In the build up to Leigh Timmis' Guinness World Record attempt for the fastest cycle across mainland Europe, Dr Philip Clarke, Lecturer in Psychology at University of Derby Online Learning, and Dr Mark Faghy, Lecturer in Sport and Exercise Physiology at the University of Derby, will be providing insight into the strategies incorporated into an elite athlete's training programme, and how they can be applied to any athlete across the performance spectrum.

By Dr Philip Clarke - 20 April 2018

Leigh's attempt will involve covering a distance of around 4,000 miles, travelling through nine different countries (Portugal, Spain, France, Switzerland, Germany, Czech Republic, Poland, Belarus and Russia). The current world record stands at 29 days, 18 hours and 25 minutes and the team at the Human Performance Unit based at the University of Derby are hoping to reduce this to around 20 days.

To kick off their series of blogs, here, Dr Clarke gives an insight into a mock event in the Midlands that the team are running with Leigh, across three days, from Friday 20 April.

The process

We are just under eight weeks from the start line and Leigh has got a strong physiological foundation, which he has been developing since early January. Thus, providing both Leigh and the support team a good opportunity to have a run through of the proposed race strategy for how we plan to beat this world record.

This proposed strategy is looking at how we approach flat days, how we approach hillier days and how Leigh will cope with cycling long distances on subsequent days. Doing this a number of weeks before the attempt allows us to get a good grasp of where we are at the moment, both physically and psychologically, but also provides us with enough time to make any amendments to the process, and get a feel for how we as the support team can best support Leigh.

At the moment, Leigh's training has been done in two locations - either out on the road, or using the facilities at the University of Derby's Human Performance Unit. All test sessions have been done in Leigh's own time, usually in isolation, with Mark and I in attendance. However, this mock outdoor session will provide a great opportunity for the whole support team to be on the road with Leigh as he goes through the proposed race strategy. By doing this we will be able to refine our processes so we are close to optimal for when we start the event.
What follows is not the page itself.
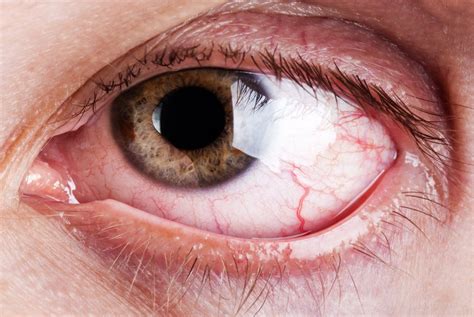 Occhio Secco Cosa Sappiamo Delle Cause Prevenzione E Cura The Eye News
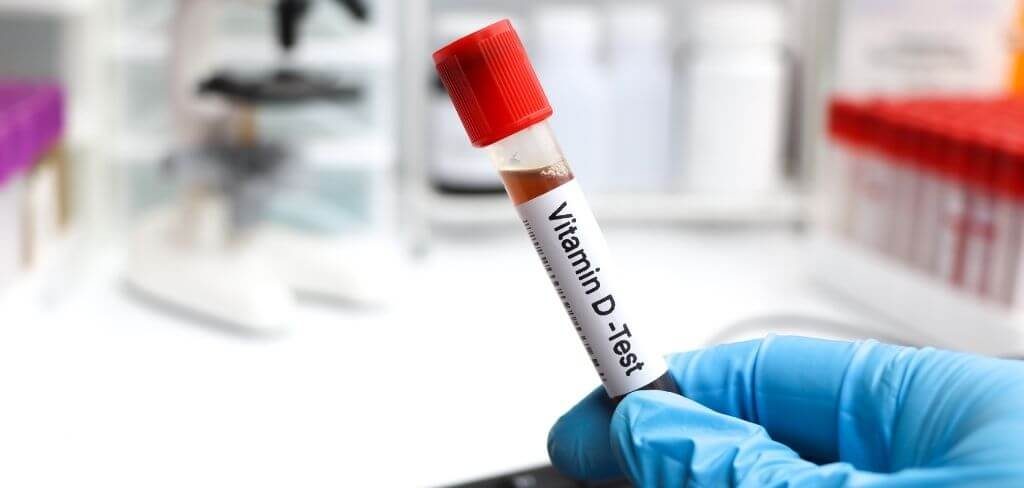 vitamina-d-test Mano con guante azul sosteniendo tubo de ensayo para test de vitamina D en laboratorio.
With this is mind, we are fully prepared and ready for mistakes to be made during the three day period, as it's all part of the experience of getting a refined process. The only way to develop is to learn from your experience and to try new things. This is especially pertinent as we are trying a very different approach to the previous attempts athletes have made to break this record. Furthermore, this experience allows myself and the rest of the support team to tailor our support to meet Leigh's needs. This step is extremely important when working with any athlete.

Aims for the mock event

There are a number of things we are especially interested in looking to assess the effectiveness of a number of processes.

Lessons to be learned

There is a number of lessons that can be taken from this for anyone planning to do an endurance event such as a 10k, half marathon, marathon or an ultra-marathon, especially as the London Marathon takes place this weekend too.

Firstly, having a practised race strategy is integral to completing an event of this nature. If this is an event that you have been training for for a long period, as the starting line gets closer, so do the nerves and the excitement. This can sometimes lead to individuals starting faster at the beginning than they usually would, due to the buzz of starting the event and the release of adrenaline. Therefore, make sure before any event you know how you are going to approach it, try and test it, so when you start you are confident and assured in your process and race strategy.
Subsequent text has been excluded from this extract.